Winner owned: Simon Munir & Isaac Souede, trained: Nicky Henderson, ridden: Nico de Boinville

This seemed like a low key ending to the meeting after the big races before, but it is a class 2, 0-145 race, so far from inconsequential. The result saw an impressive win for Call Me Lord, who shrugged off top weight to brush aside Our Merlin’s attempt to win his fourth race on the bounce. The two of them sat smugly on the heels of the leaders throughout and then pounced with two flights to jump. Our Merlin was carrying 27 pounds less than Call Me Lord, but could do nothing about the winner at all. Gassin Golf was also patiently ridden and receiving plenty of weight, yet unable to get a look in.

+ +   Call Me Lord (1st): Picked up first prize in the style of a horse who is capable of success above handicap level.
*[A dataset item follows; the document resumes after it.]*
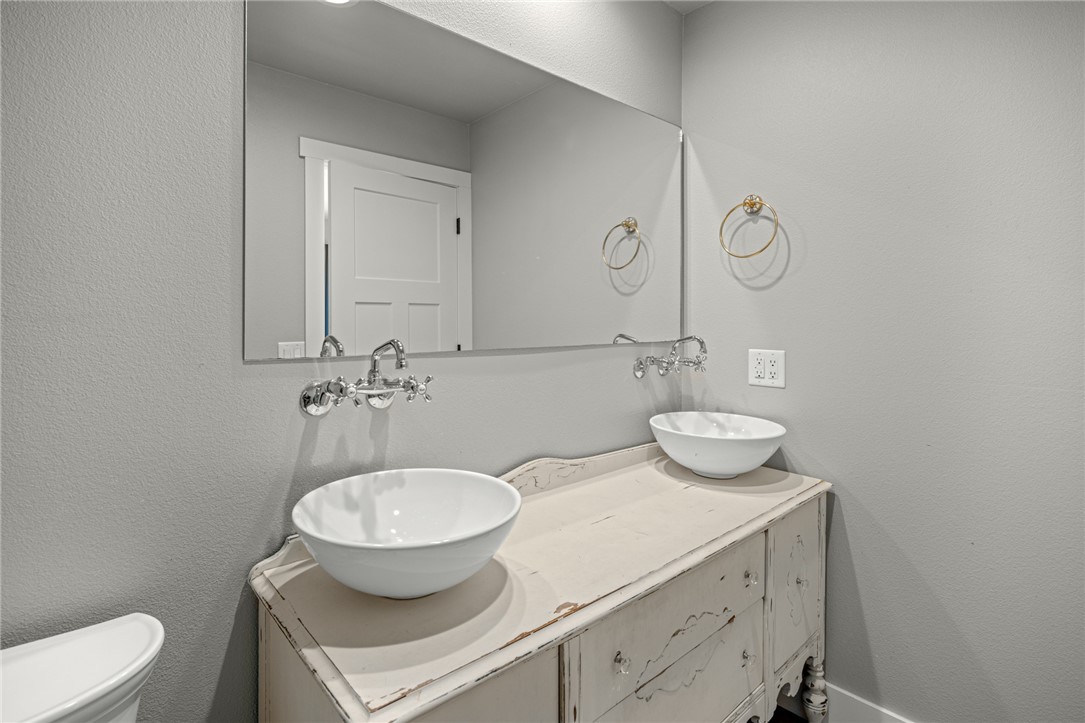 04-20-28 Garfield - Residential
Being in a yard packed with quality two milers, it would be a shame if all that can be found for him is lugging top weight in major handicaps through the spring. At some point he will make a nice two mile chaser as well.

+   Clayton (7th): Excels as conditions get tougher and tougher but has so far seemed much, much happier going left-handed. Another runner for whom the right race was in the wrong place, and the defeat is easy to excuse.

UK-Jumping Selections: Drops Of Jupitor (6th): Went round at the back and was only nudged to try and close on the final bend. She could not do that and was eased down quite quickly. This company was almost certainly too speedy for her over two miles.